PROMPT:
Extract the lines from the first one in the records below through the line containing "Bluesun Hotel Elaphusa โรงแรมในโบล", keeping both ends and leaving out any pictures.

::: SUPPLIED DATA

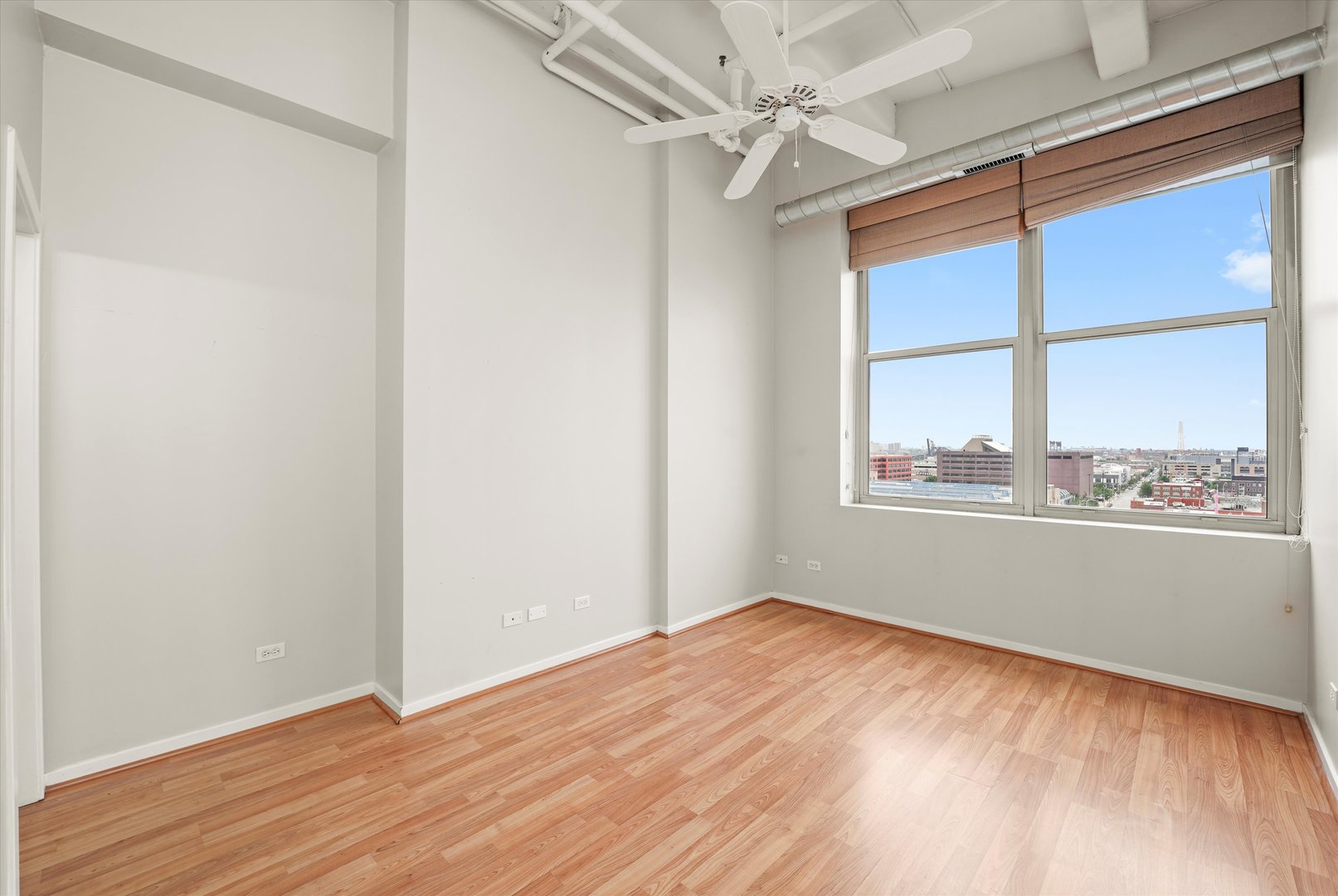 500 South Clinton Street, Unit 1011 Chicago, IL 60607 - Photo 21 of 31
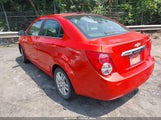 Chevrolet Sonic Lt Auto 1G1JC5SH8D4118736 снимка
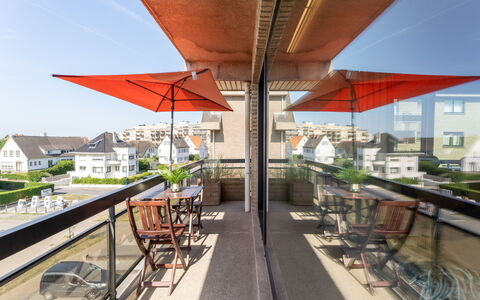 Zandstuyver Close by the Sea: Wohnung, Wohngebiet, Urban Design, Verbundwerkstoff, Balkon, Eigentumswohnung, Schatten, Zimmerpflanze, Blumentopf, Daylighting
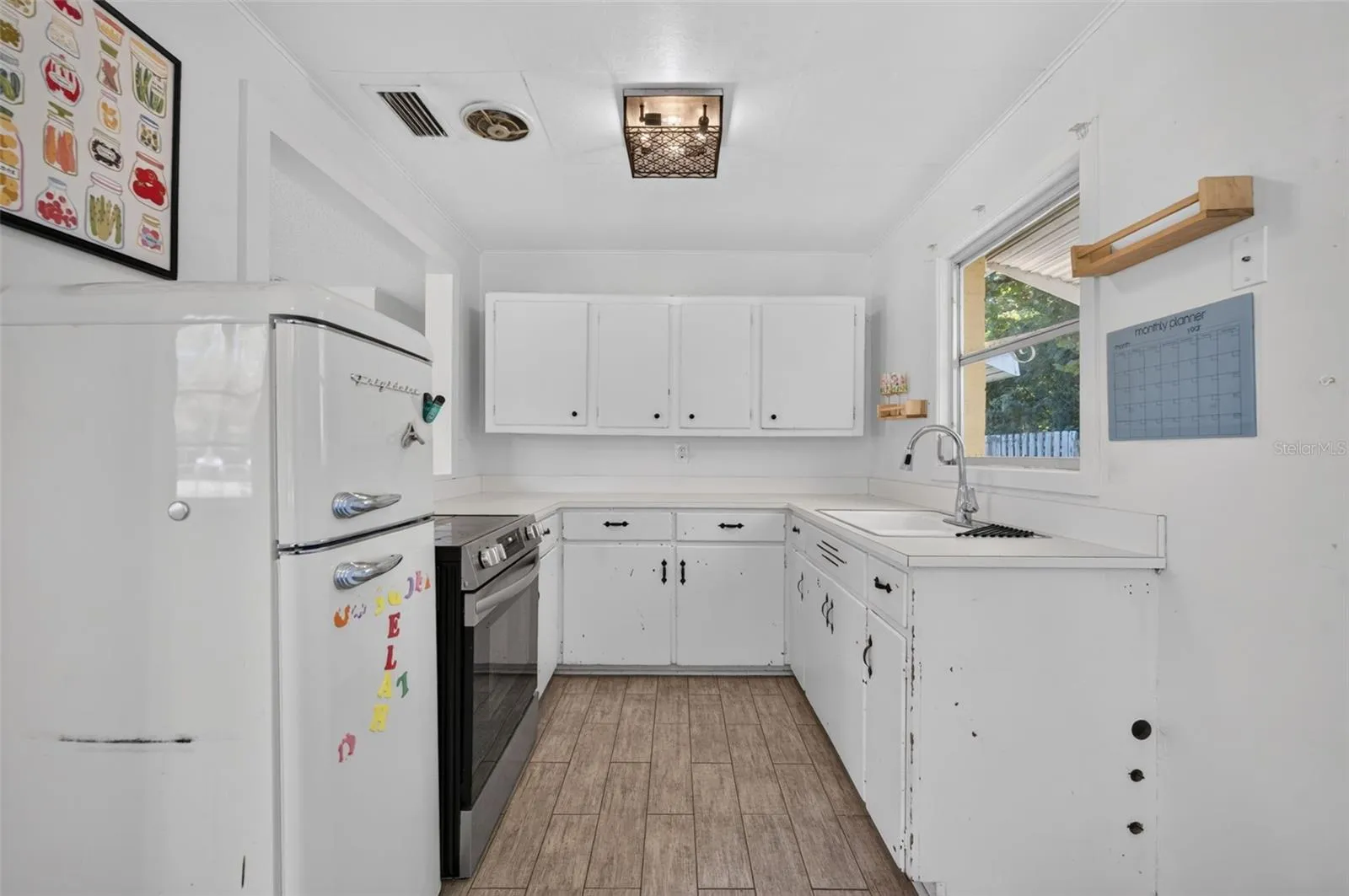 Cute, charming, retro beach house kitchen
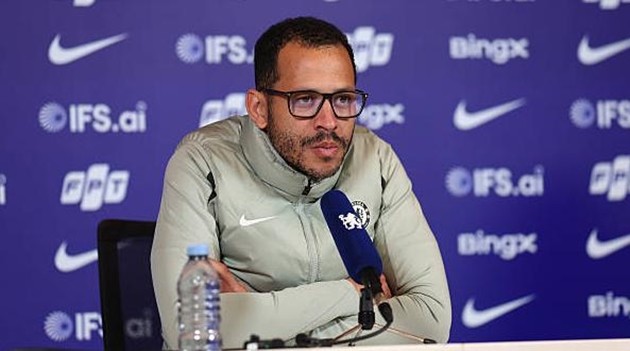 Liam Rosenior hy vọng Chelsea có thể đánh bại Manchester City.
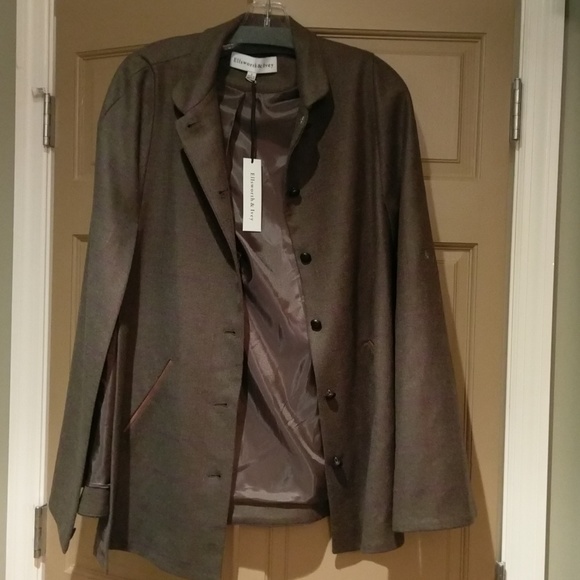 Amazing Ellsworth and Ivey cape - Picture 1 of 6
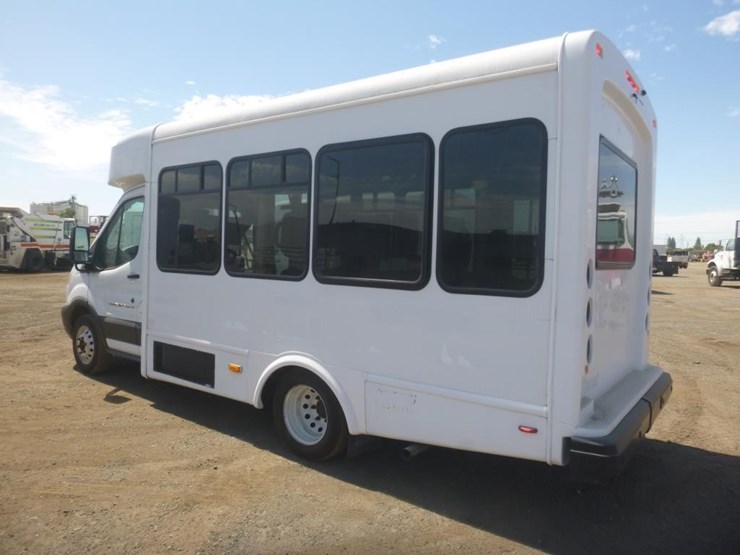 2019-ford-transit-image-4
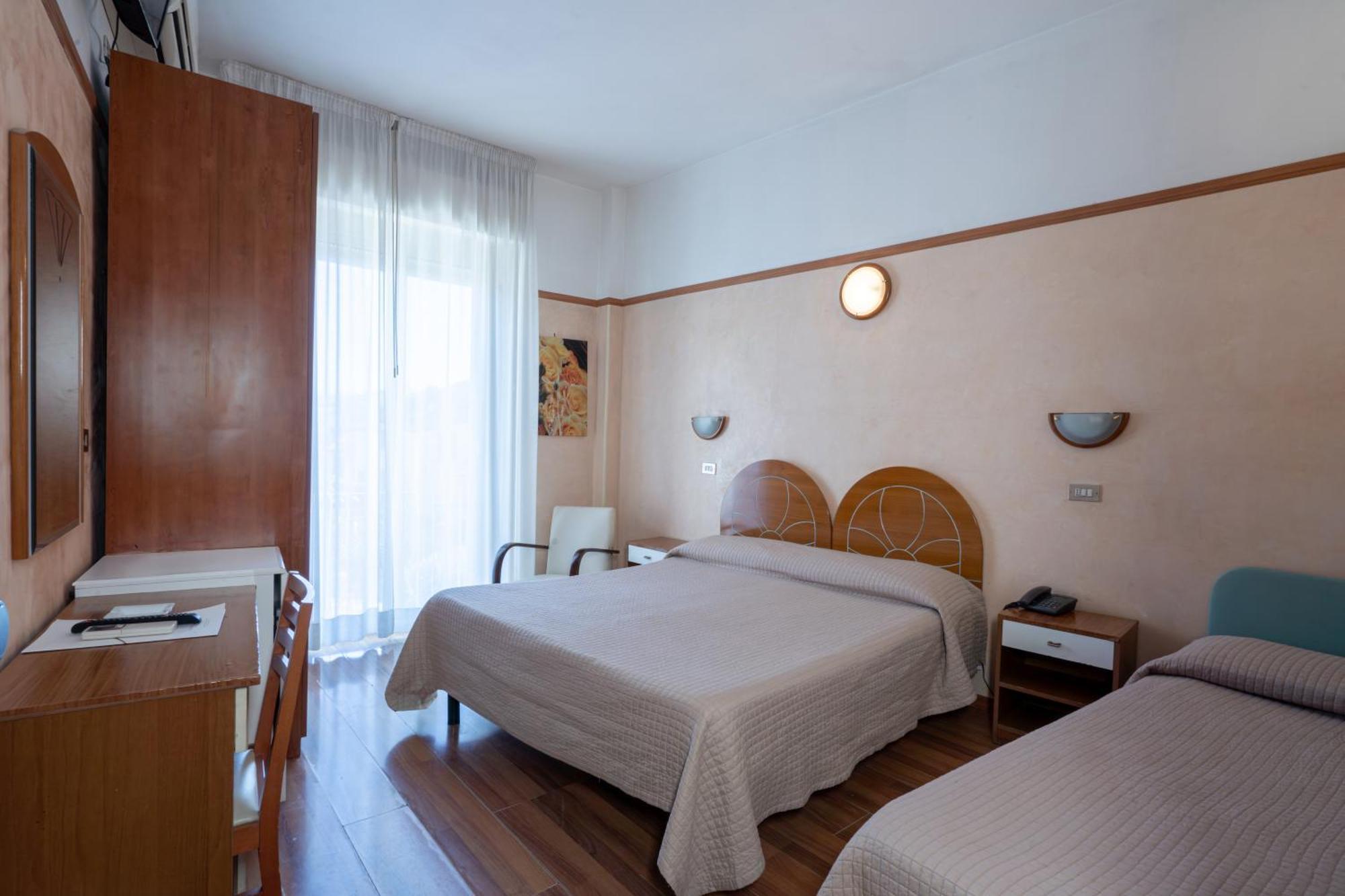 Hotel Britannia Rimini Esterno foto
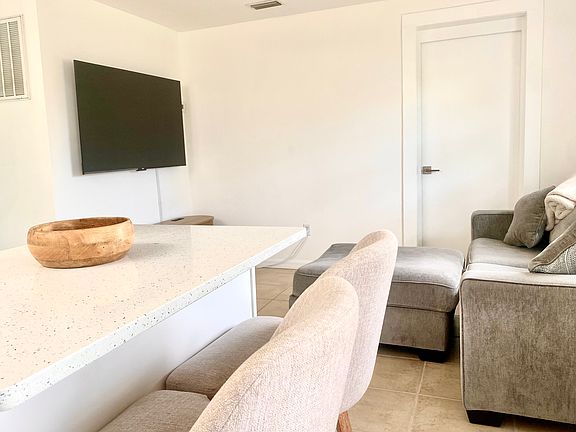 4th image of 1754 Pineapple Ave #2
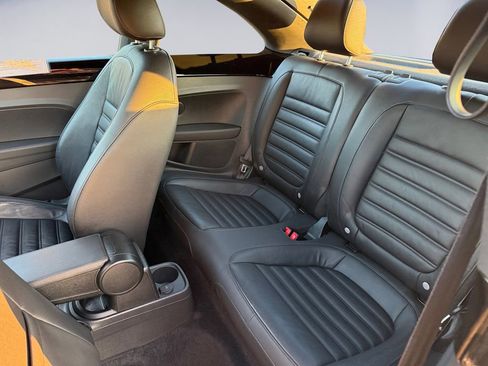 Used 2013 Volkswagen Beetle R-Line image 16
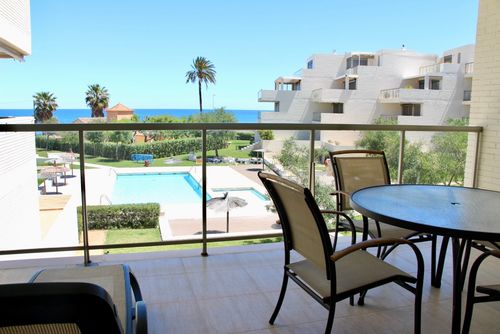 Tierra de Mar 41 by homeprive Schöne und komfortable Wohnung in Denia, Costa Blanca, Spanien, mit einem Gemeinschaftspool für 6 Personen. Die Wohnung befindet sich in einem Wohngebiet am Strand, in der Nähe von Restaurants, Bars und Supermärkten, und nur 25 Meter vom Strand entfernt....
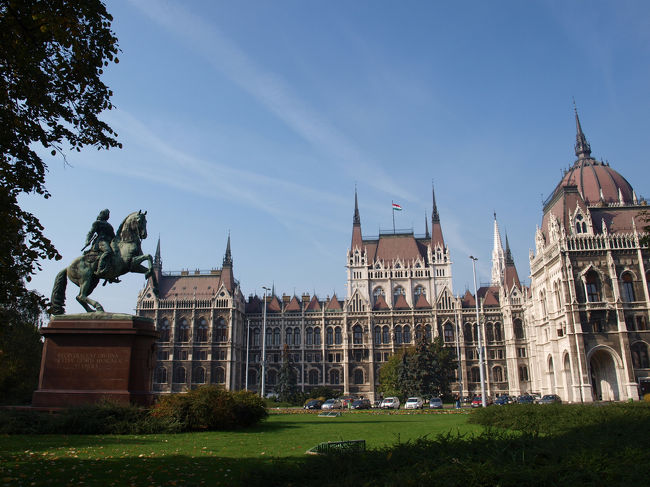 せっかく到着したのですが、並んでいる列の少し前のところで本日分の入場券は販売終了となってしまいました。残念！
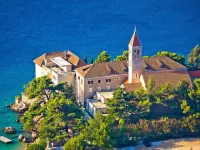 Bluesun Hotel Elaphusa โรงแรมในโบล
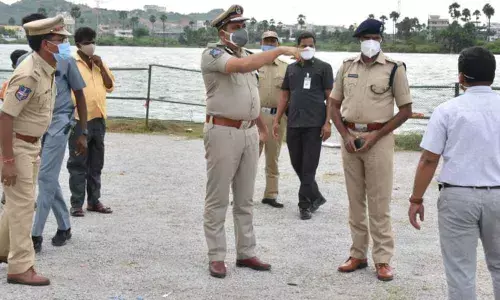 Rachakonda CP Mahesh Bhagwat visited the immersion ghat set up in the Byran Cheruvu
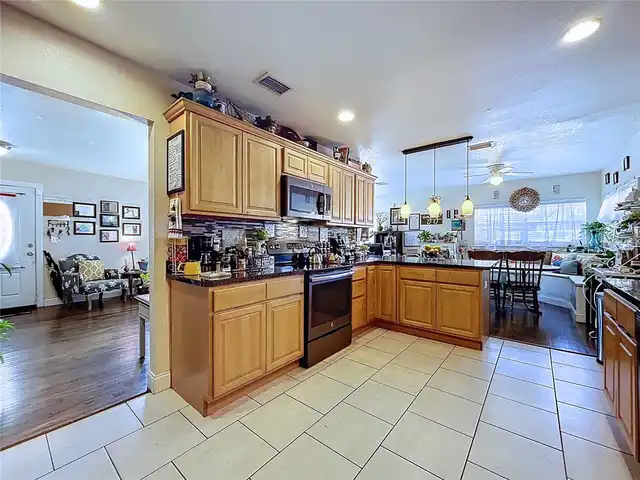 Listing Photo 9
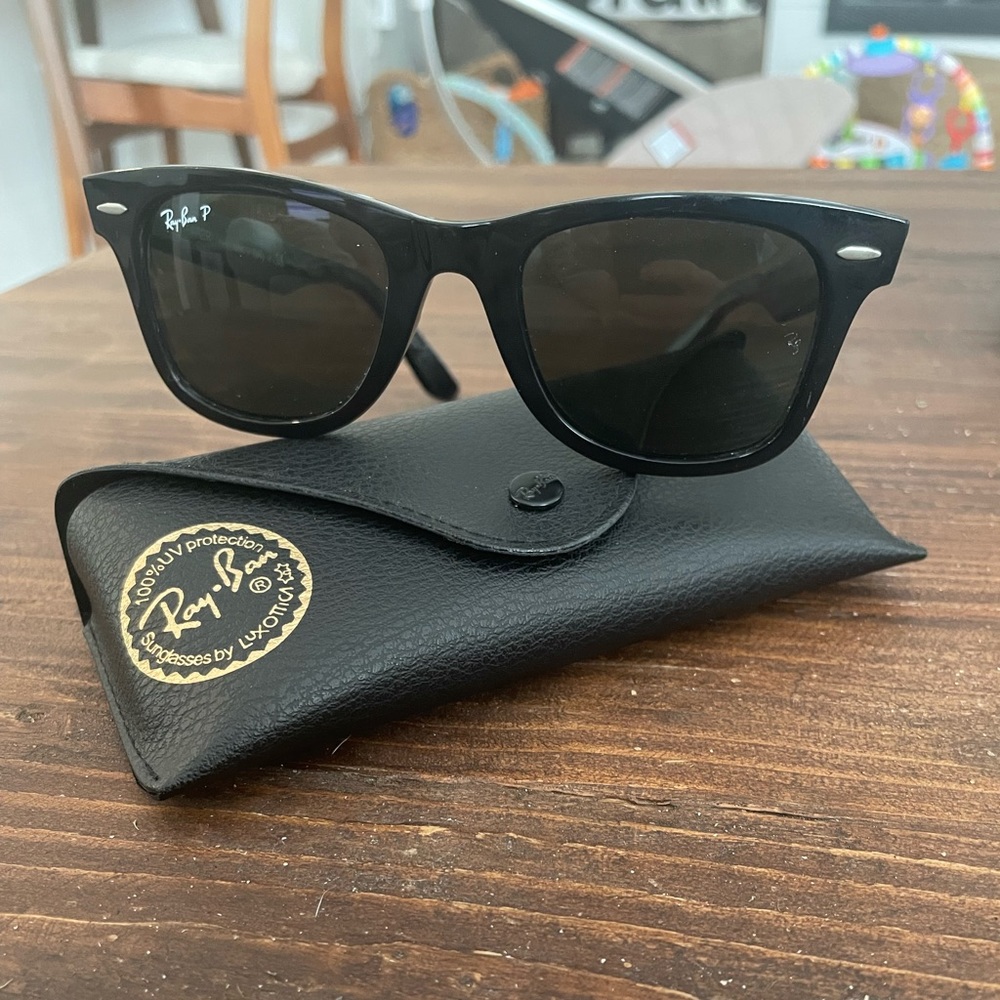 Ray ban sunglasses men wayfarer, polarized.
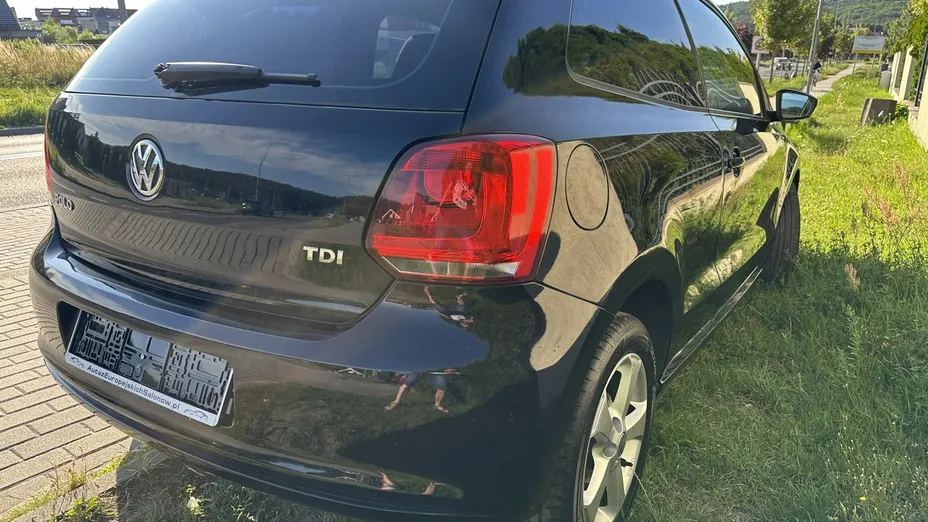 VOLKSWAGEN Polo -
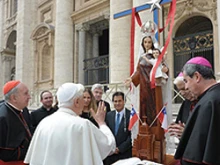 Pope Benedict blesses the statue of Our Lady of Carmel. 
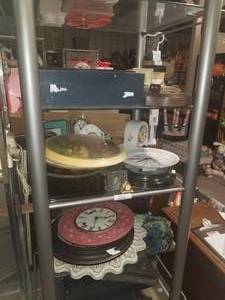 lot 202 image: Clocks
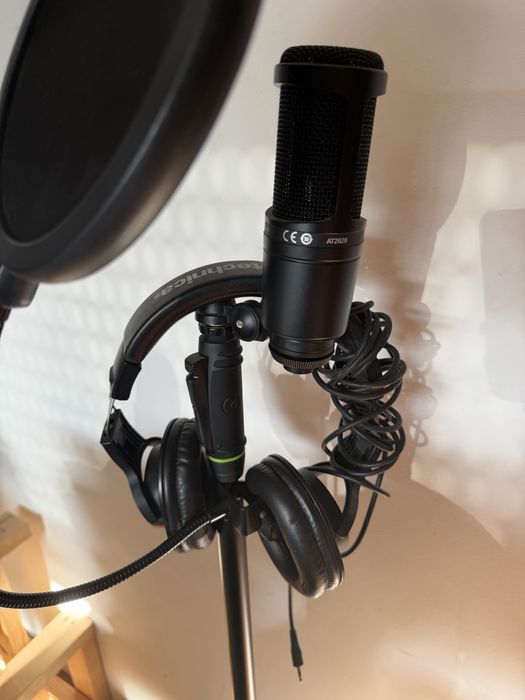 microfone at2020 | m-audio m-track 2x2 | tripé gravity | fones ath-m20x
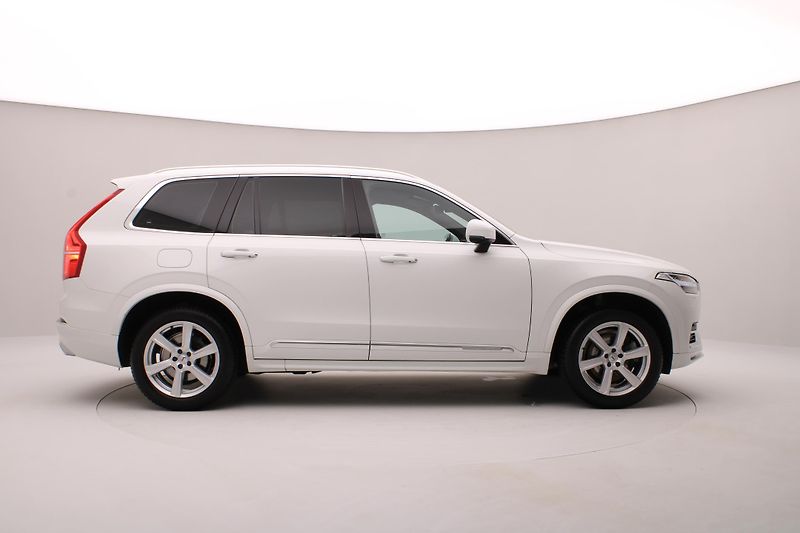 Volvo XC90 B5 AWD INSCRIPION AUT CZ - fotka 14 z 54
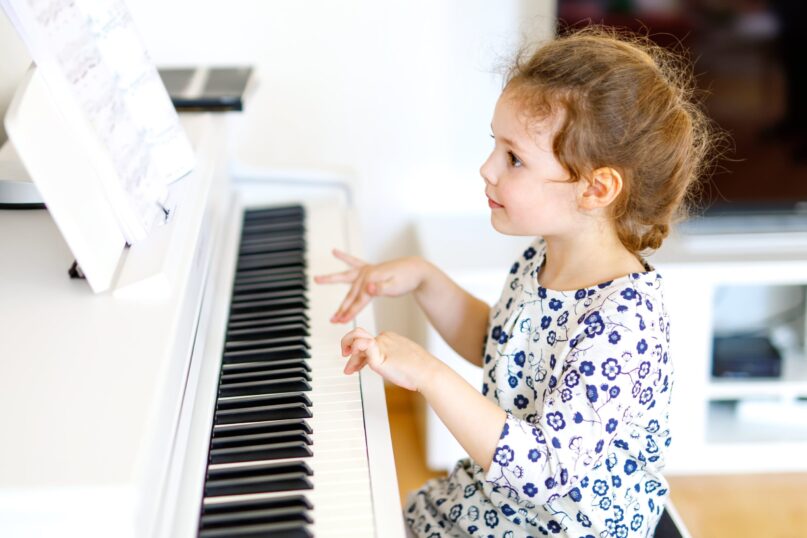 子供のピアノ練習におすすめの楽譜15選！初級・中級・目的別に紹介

::::::

RESULT:
 500 South Clinton Street, Unit 1011 Chicago, IL 60607 - Photo 21 of 31
 Chevrolet Sonic Lt Auto 1G1JC5SH8D4118736 снимка
 Zandstuyver Close by the Sea: Wohnung, Wohngebiet, Urban Design, Verbundwerkstoff, Balkon, Eigentumswohnung, Schatten, Zimmerpflanze, Blumentopf, Daylighting
 Cute, charming, retro beach house kitchen
 Liam Rosenior hy vọng Chelsea có thể đánh bại Manchester City.
 Amazing Ellsworth and Ivey cape - Picture 1 of 6
 2019-ford-transit-image-4
 Hotel Britannia Rimini Esterno foto
 4th image of 1754 Pineapple Ave #2
 Used 2013 Volkswagen Beetle R-Line image 16
 Tierra de Mar 41 by homeprive Schöne und komfortable Wohnung in Denia, Costa Blanca, Spanien, mit einem Gemeinschaftspool für 6 Personen. Die Wohnung befindet sich in einem Wohngebiet am Strand, in der Nähe von Restaurants, Bars und Supermärkten, und nur 25 Meter vom Strand entfernt....
 せっかく到着したのですが、並んでいる列の少し前のところで本日分の入場券は販売終了となってしまいました。残念！
 Bluesun Hotel Elaphusa โรงแรมในโบล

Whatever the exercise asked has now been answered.